P. Rebecca and P. Gordon (2003) from Michigan Technological University
did a research based on disturbance rejection control of an electromagnetic bearing
spindle. Adaptive control algorithm is applied to MBC 500 magnetic bearing
system. Adaptive control is an appealing approach for the system because the
controller can tune itself to account for an unknown periodic disturbance, such as
cutting or grinding forces, injected into the system. An adaptive controller called the
Amplitude-Phase Adaptive Control Algorithm (APACA) was designed to augment
the lead-filter compensator. The purpose of APACA is to predict and compensate
for the external disturbance. This paper proved that an adaptive control algorithm
can be applied to an Active Magnetic Bearing (AMB) system with a periodic
disturbance applied to the rotor and resulting in minimal motion of the spindle. By
then, the position of the rotor can be stabilized.

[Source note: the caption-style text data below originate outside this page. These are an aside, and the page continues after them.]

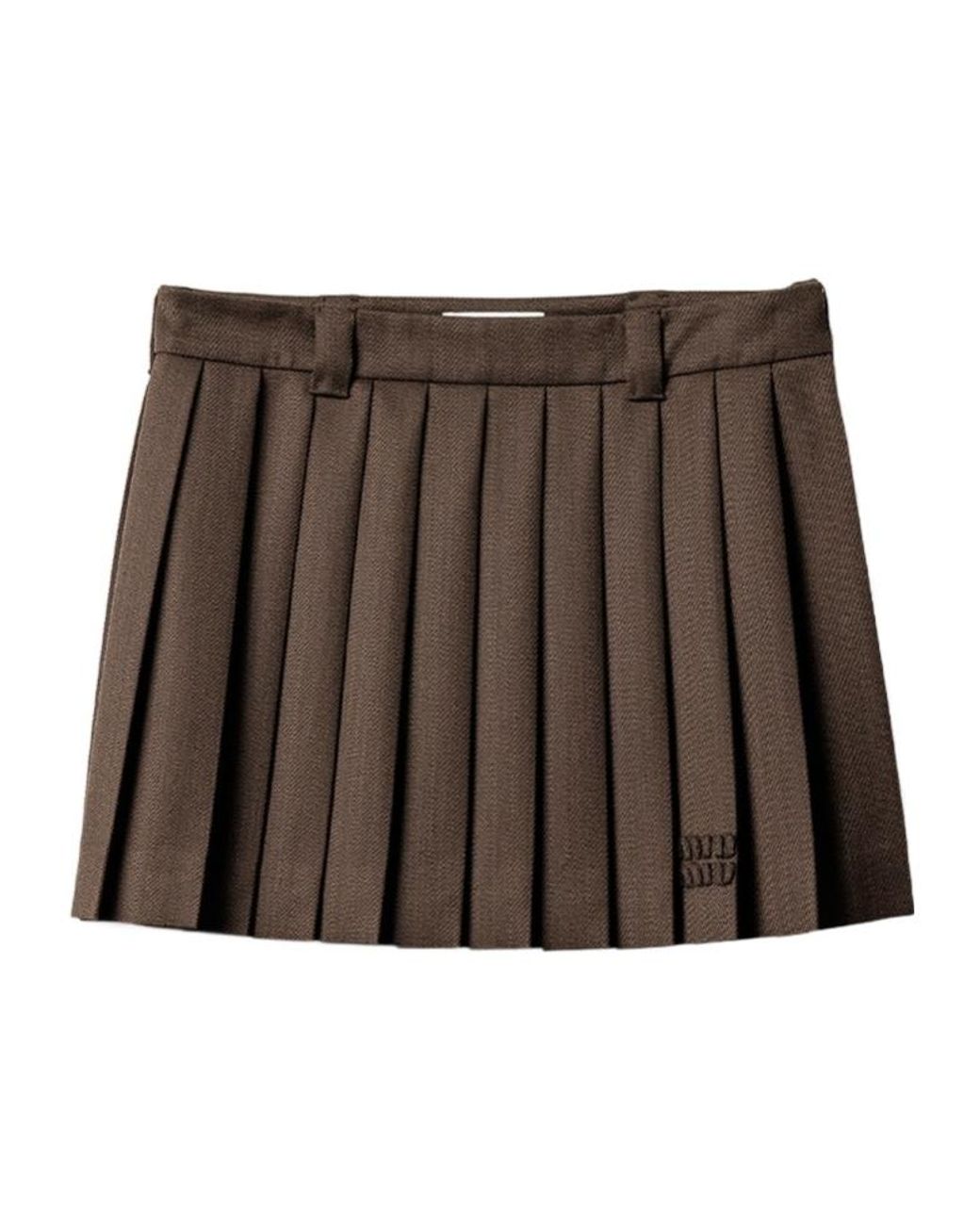 Miu Miu Brown Logo Detailed Pleated Mini Skirt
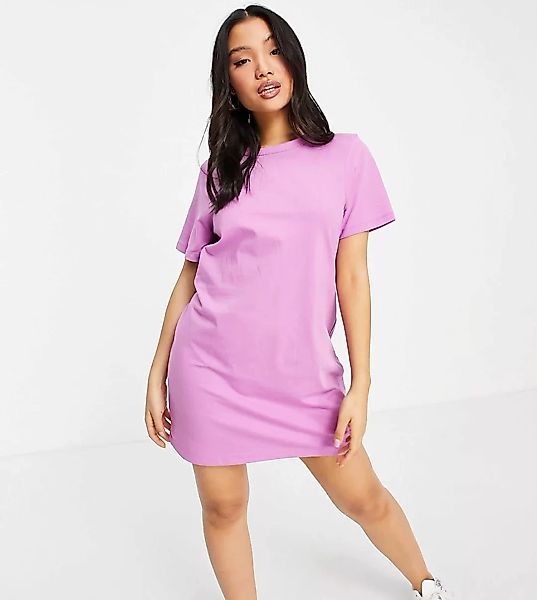 ASOS DESIGN Petite – Kurzes T-Shirt-Kleid in Violett mit Rückenausschnitt-L günstig online kaufen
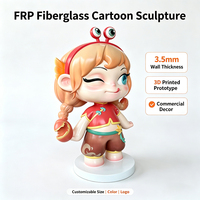 Patung Kepiting Gadis Kartun Kustom dari FRP Fiberglass, Ketebalan Dinding 3.5mm, Prototipe Cetak 3D, Patung Dekorasi IP untuk Mal Restoran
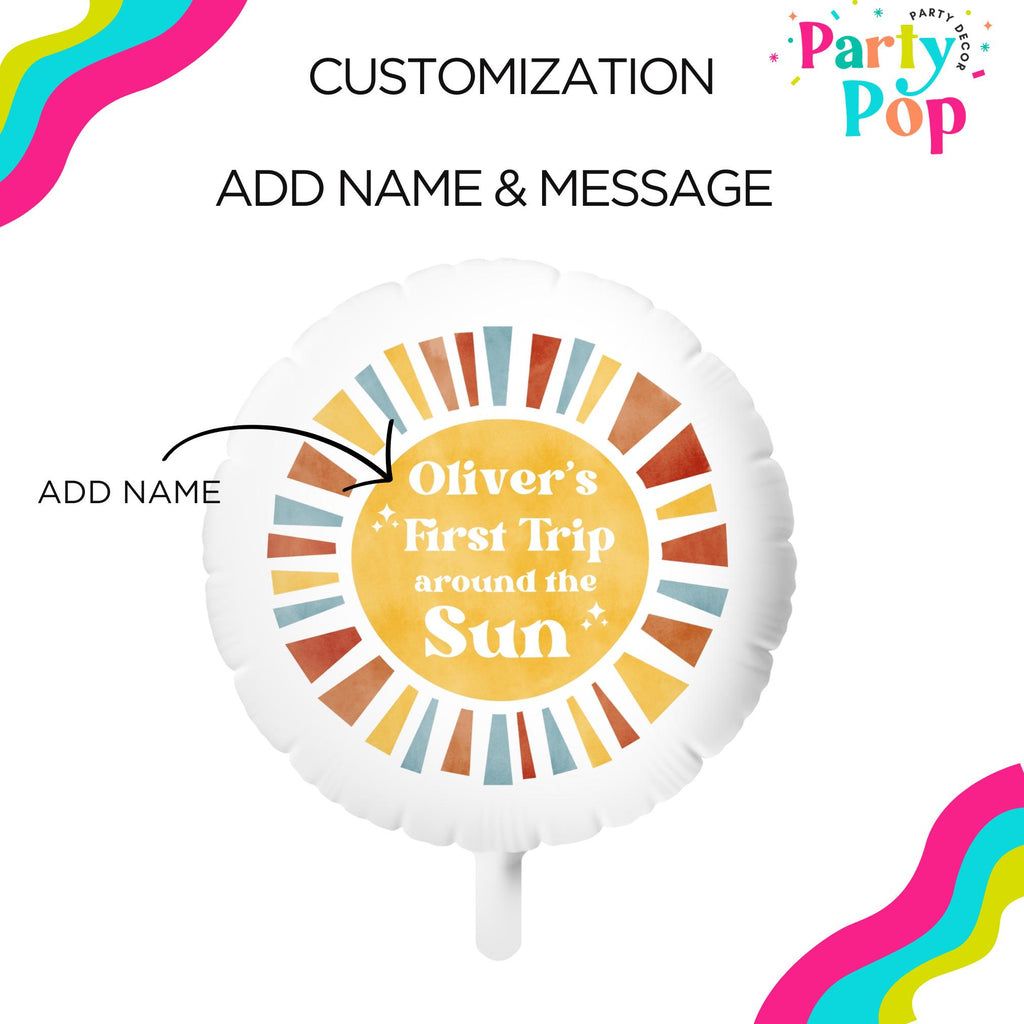 First Trip Around The Sun Balloon | First Birthday Party Decor | Boho Sun | Custom Balloon | 1st Birthday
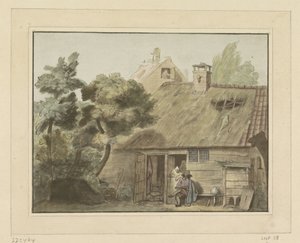 Dessinateur devant une ferme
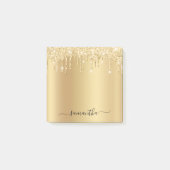 Pale Gold Glitter Drips Glans Post-it® Notes (Voorkant)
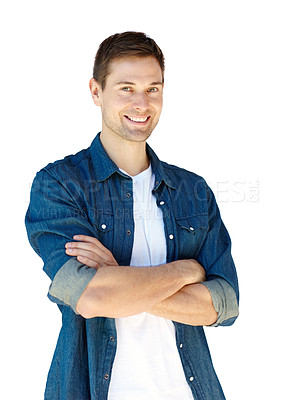Buy stock photo Portrait, confident or man to smile at fashion, design or startup in casual, denim or clothing. Business owner, arms crossed or proud of jeans, apparel or cool trend as style on white background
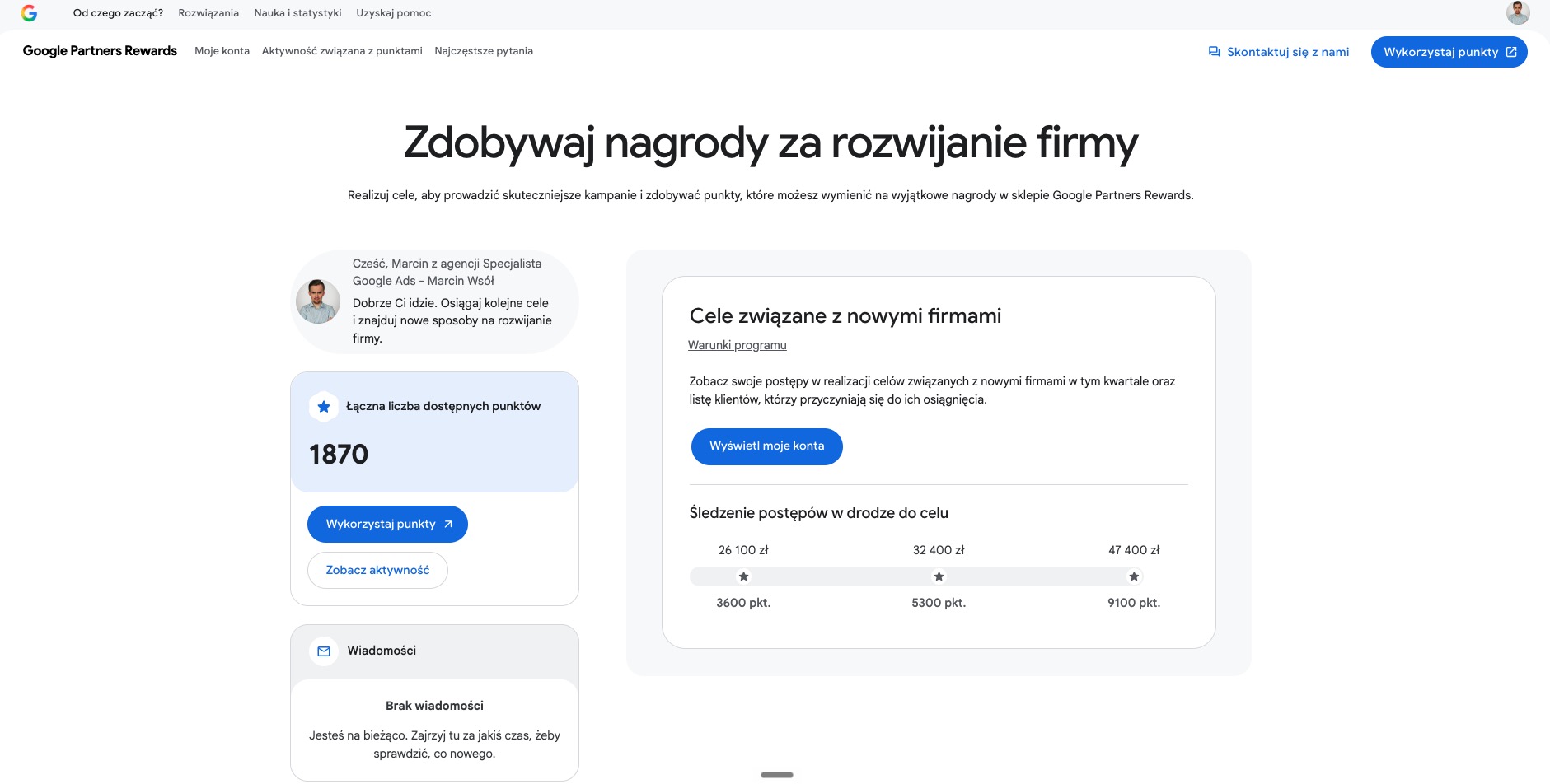 Nowy wygląd Google Partners Rewards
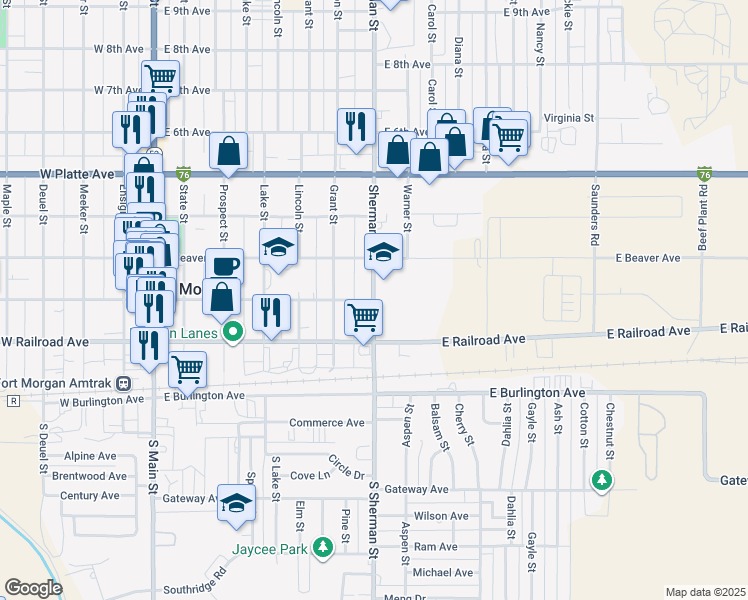 map of restaurants, bars, coffee shops, grocery stores, and more near 300 Sherman Street in Fort Morgan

It was followed by the research of Y. H. John (1995). He introduced a fuzzy
logic approaches to improve on dual acting magnetic bearing. The idea is to adjust the
linear controller signal in such a way that nonlinear effects are better compensated. The
relationships of attractive force to the electromagnet currents and air gap are described
and compensated using fuzzy principles. The fuzzy controller described in this section
was designed in two steps. First, fuzzy descriptions of the various operating points
which describe the antecedents and possible control adjustments as the consequents in
the fuzzy control rules are computed. Second, a set of rules for control adjustments was
derived. The fuzzy rule outputs are composed using the max-min composition, and a
crisp value of an adjustment parameter was derived using the centroid method. The
design objective was to cancel the relationship of attractive force with respect to air gap
dimension. Finally, a fuzzy controller which is able to adjust a winding current and
controlling a magnetic bearing system is designed successfully.